Nium、ステーブルコイン決済インフラ拡大へ仮想通貨ウォレット企業Cypherを買収

Nium、ステーブルコイン決済インフラ拡大へ仮想通貨ウォレット企業Cypherを買収

Niumはこの買収を通じて、グローバル決済プラットフォーム上で法定通貨からオンチェーンへの機能を強化する方針である。
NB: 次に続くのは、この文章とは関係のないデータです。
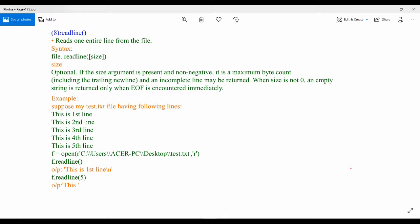The readline method is used to read an entire line from a file. You can also pass the size for how many bytes or characters you want to read from that particular line only.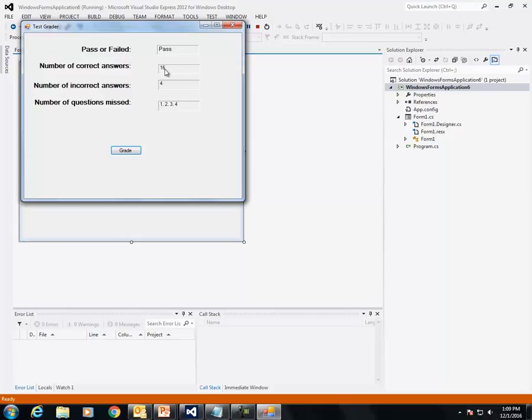It says they have 16 correct answers. The number of incorrect answers is four. The questions they missed were one, two, three, and four, because I made the first four answers incorrect.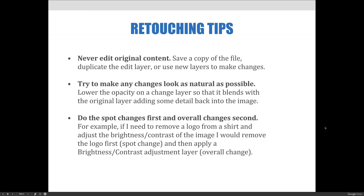Next, I'd like to mention a few things about retouching. These aren't necessarily rules, but rather tips that you should always keep in mind when you are retouching. First, never edit original content — save a copy of the file, duplicate the edit layer, or use new layers to make changes. Try to make any changes look as natural as possible. Lower the opacity on a change layer so that it blends with the original layer, adding some detail back into the image.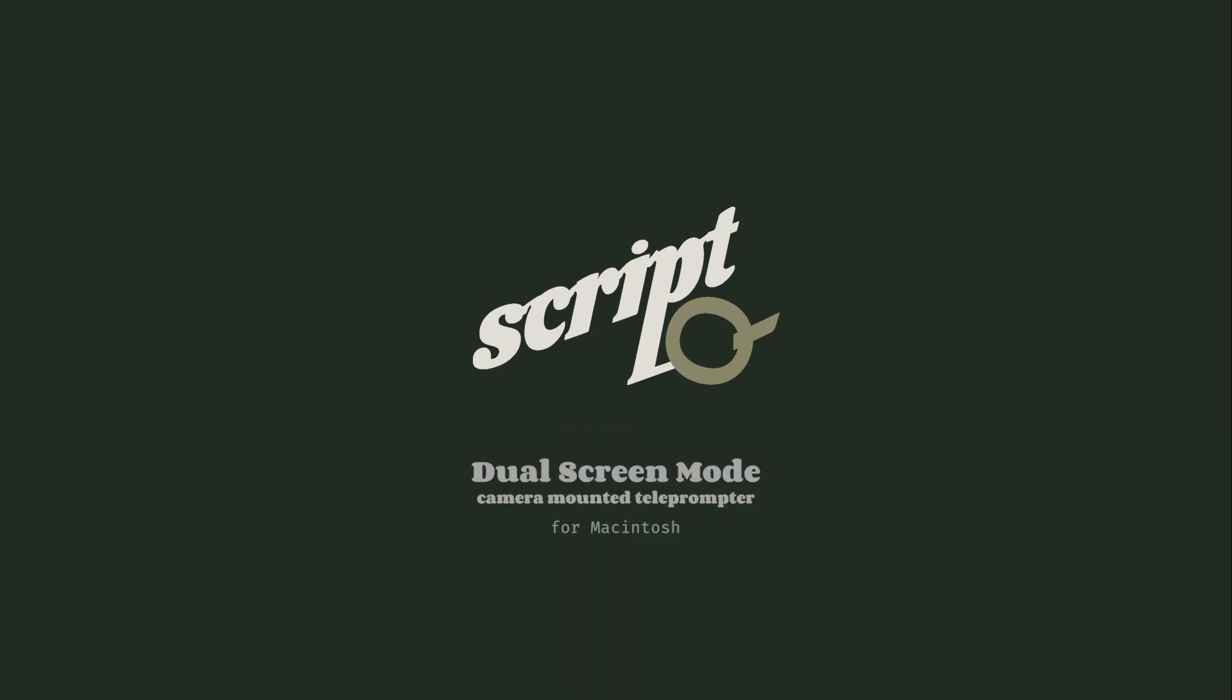This video will help to show you how easy it is to set up ScriptQ Teleprompter software to work with a camera mounted teleprompter.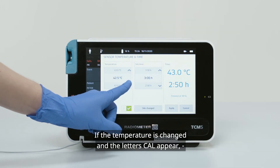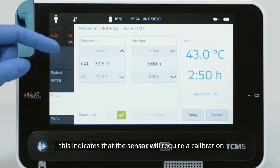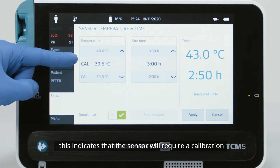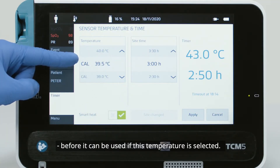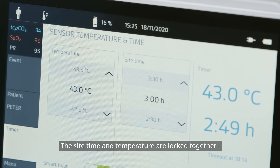If the temperature is changed and the letters CAL appear, this indicates that the sensor will require a calibration before it can be used if this temperature is selected.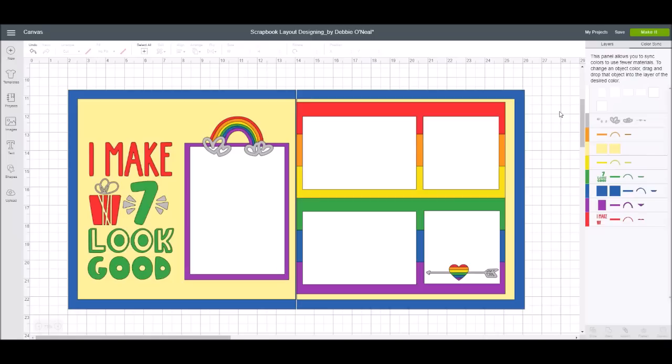Just taking those elements, playing in Design Space, sizing your images, and using basic design principles of picking a theme, picking your photos, and following through with your title — that's how you build a layout. I hope you guys found this helpful, and I am actually making this layout and will show you what it looks like actually put together.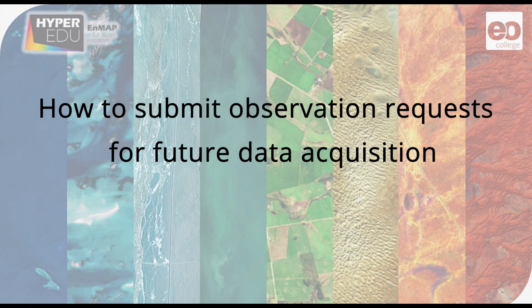Hello again. In this video, I will show you how to submit observation requests for future Nmap data acquisitions.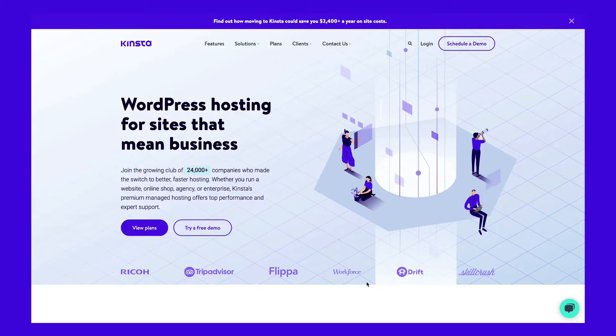Wondering which of Kinsta's hosting plans is the best fit for you? Find the right plan from the start by learning more about what Kinsta has to offer.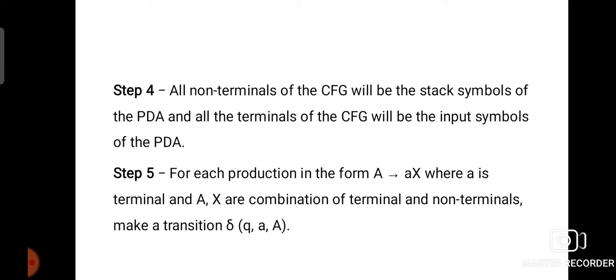In Step 5, we write the state transitions for the given PDA. For every production in the grammar, we write the state transitions. For example, if we have a production in the format A → aX, where 'a' is a terminal symbol and X is a combination of terminals and non-terminals, we make a transition like δ(Q, a, A).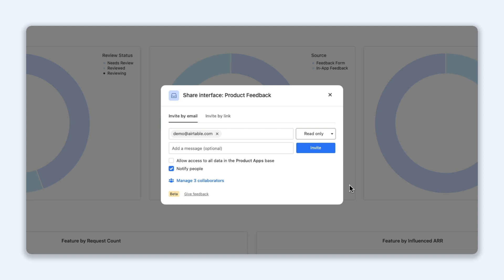Even more granular, pro and enterprise users can decide whether or not to grant users access to the underlying base data when sharing interfaces.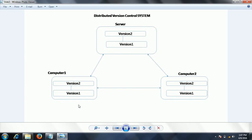One example of a distributed version control system is Git. Git provides strong features for branching, merging, and searching, and operations like committing are very fast compared to a central repository server. We will see those features in later tutorials.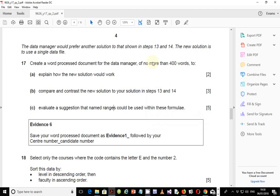Hello guys, my name is Evans and welcome to this video tutorial. In this tutorial, I am continuing to look at the Information Technology 9626 specimen paper. In the last video, we ended with step number 16, and in this video we continue with step number 17.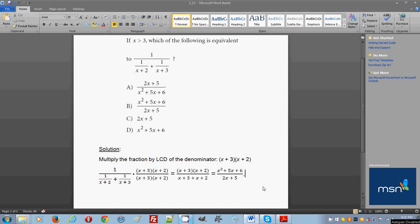Hello everyone, welcome to my free online tutorial for the new SAT math section. The problem on your screen is taken from the new SAT Official Study Guide just released by College Board. It contains four practice exams, and this problem is taken from the first exam in section three, where calculator is not allowed. This is problem number 13.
一方、Cypherの既存アプリ、カードプラットフォーム、CYPRトークンのエコシステムは2026年9月6日までに終了する予定である。

ファクトチェック
この主張は、Niumの公式ニュースルームの発表(nium.com/newsroom/nium-acquires-cypher)で確認できる。同発表によれば、Niumは2026年7月8日、法定通貨からデジタル資産へのインフラとステーブルコイン機能を強化するため、仮想通貨ネイティブの非カストディアル型ウォレットおよび発行企業であるCypherを買収した。これはPR NewswireのリリースやCryptoBriefing、bitbankの独立報道でも裏付けられており、Cypherのウォレット/発行企業としての性格、ステーブルコイン決済への注力、越境送金・送金決済サービス拡大の狙いという中核的事実はいずれも一致している。Cypherを仮想通貨ウォレット企業と位置付け、ステーブルコイン基盤の拡大とするこの主張の説明は正確である。
要約

Niumは、法定通貨からオンチェーンへの機能を拡充し、Cypherのサービス体験を同社のグローバル決済プラットフォーム上で再構築するため、Cypherを買収すると発表した。これは、同社が此前公表していたステーブルコインおよびブロックチェーンベースの越境決済への進出に関する新たな統合の詳細を示すものである。Cypherの既存アプリ、カードプラットフォーム、CYPRトークンのエコシステムは2026年9月6日までに全面的に終了する予定である。 今回の買収は、ウォレット機能を同社ネットワークに追加し、ステーブルコインとブロックチェーンを活用した国際送金・決済サービスを強化するとのNiumの従来方針を具体化するものでもある。Niumは、自社の決済ネットワークが190超の国・地域と100超の通貨をカバーしているとしており、今回の取引を、従来の法定通貨レールとブロックチェーンベースの決済・支出インフラをつなぐ広範な取り組みの一環と位置付けている。

用語解説
  • ステーブルコイン: 米ドルなどの法定通貨に連動することで、価値の安定を維持するよう設計されたデジタルトークン。
  • 法定通貨からオンチェーンへ: 従来の政府発行通貨システムから、ブロックチェーンベースのネットワークやアプリケーションへ資金を移すプロセス。
  • CYPRトークンのエコシステム: CypherのCYPRトークンを中心に構築された、トークン関連の製品や機能の総体。